What to do for workgroups without full CAD access who participate in Digital Prototyping? XVL could be an answer.
Digital Prototyping (DP) is a process that enables the development of new products through “creation, validation, optimization, management and manufacturing through virtual processes.” Major CAD vendors supporting DP are encouraging a new suite of applications to implement this ideal of a streamlined digital process. Its tools include 3D modeling software, simulation, FEA and other analyses, and direct-to-machining operations.
Engine assembly in XVL Studio extends the Digital Prototyping strategy to allow immediate use of
3D solid models in animations that can be used by shop floor, maintenance and even end users.

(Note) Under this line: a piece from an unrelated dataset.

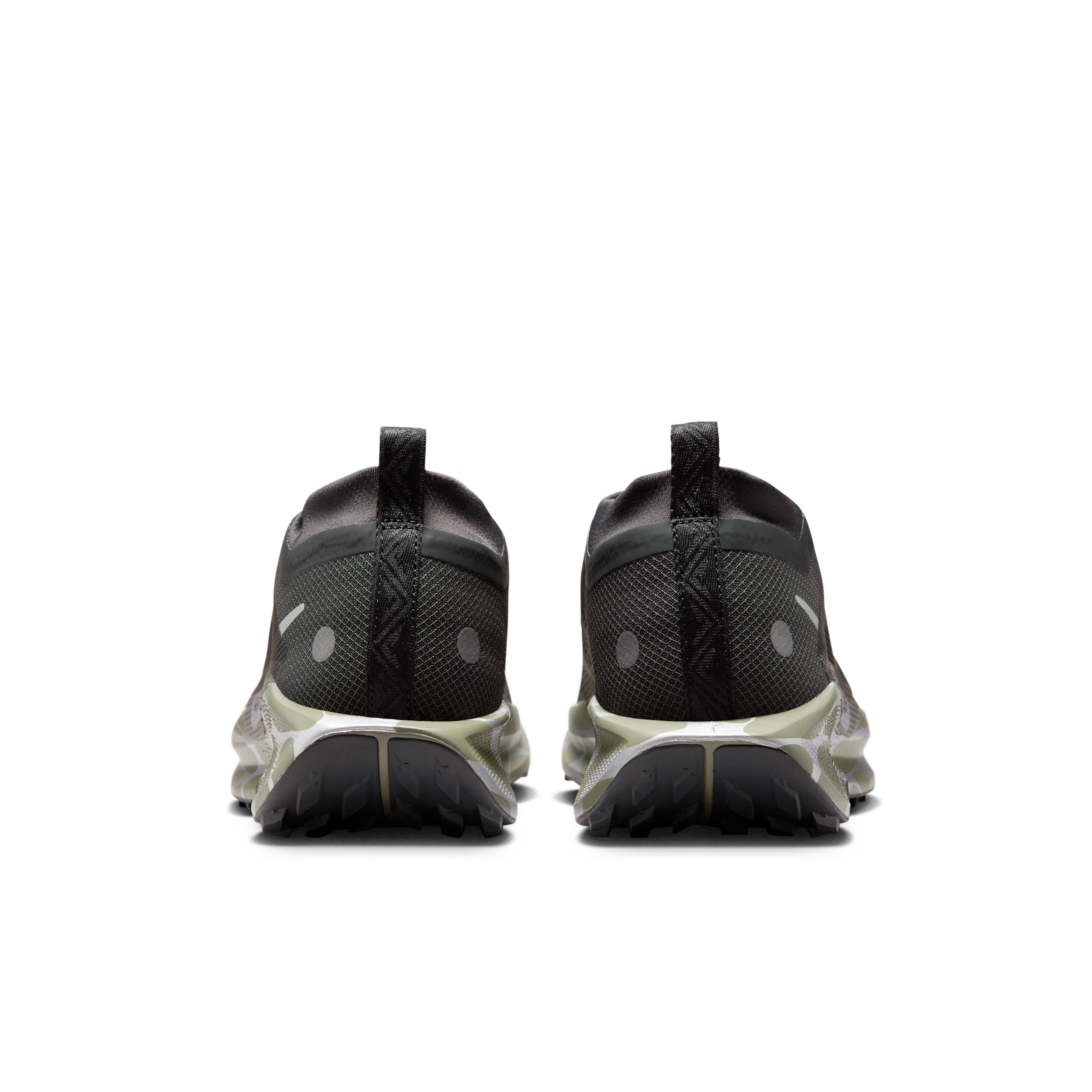 Nike Pegasus Trail 5 GORE-TEX Men's Waterproof Trail Running Shoes product image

The portfolio of applications is ambitious and laudable, and makes the idea of Digital Prototyping a reality. But in practical terms of product development, this vision of DP still excludes some from the process – those who do not have CAD seats. In the real world, there are whole departments that need to examine design data for the purposes of testing, procurement, quality checking, production planning, and assembly. A survey of the status quo will quickly reveal that these tasks are performed predominantly by reviewing or redlining paper drawings and sometimes redlining on a digital visualization, but that is by no means enough. Those same non-CAD users also need to interactively identify parts in an assembly, test them, simulate mechanical movements and annotate the data. These additional needs put a slight kink into the vision of one streamlined, trackable, paperless, and all-digital development process.
Now these employees can participate in DP if managers furnish CAD seats and training. But that isn’t happening in many firms. CAD is too expensive — and complicated to learn — to routinely justify it for people who use it only occasionally.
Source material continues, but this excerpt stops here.